What you are asked to do: Look through the data below and output, unchanged, every line from the one holding "Child play on" through the one holding "kitchen featuring sink, white", inclusive. Skip the pictures.

Extracted entries:
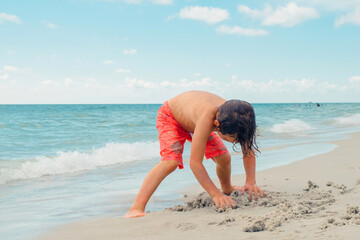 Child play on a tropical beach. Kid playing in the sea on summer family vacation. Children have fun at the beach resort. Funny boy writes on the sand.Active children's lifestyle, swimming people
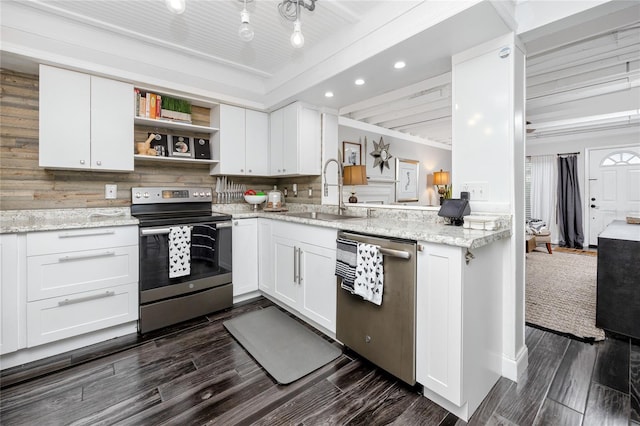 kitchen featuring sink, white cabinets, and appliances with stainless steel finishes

...

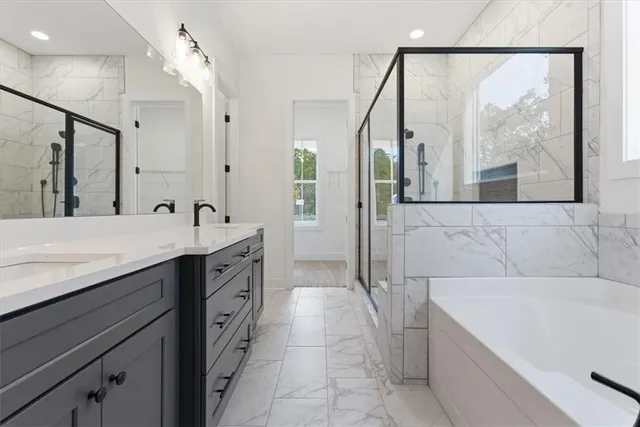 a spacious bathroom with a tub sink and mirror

--

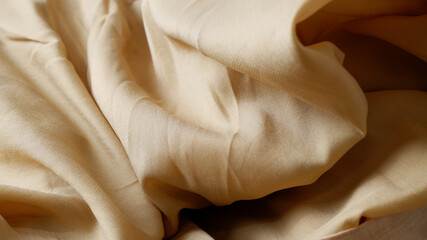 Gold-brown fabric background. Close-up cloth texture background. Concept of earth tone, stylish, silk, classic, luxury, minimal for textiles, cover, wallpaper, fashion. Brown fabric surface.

Task result:
 Child play on a tropical beach. Kid playing in the sea on summer family vacation. Children have fun at the beach resort. Funny boy writes on the sand.Active children's lifestyle, swimming people
 kitchen featuring sink, white cabinets, and appliances with stainless steel finishes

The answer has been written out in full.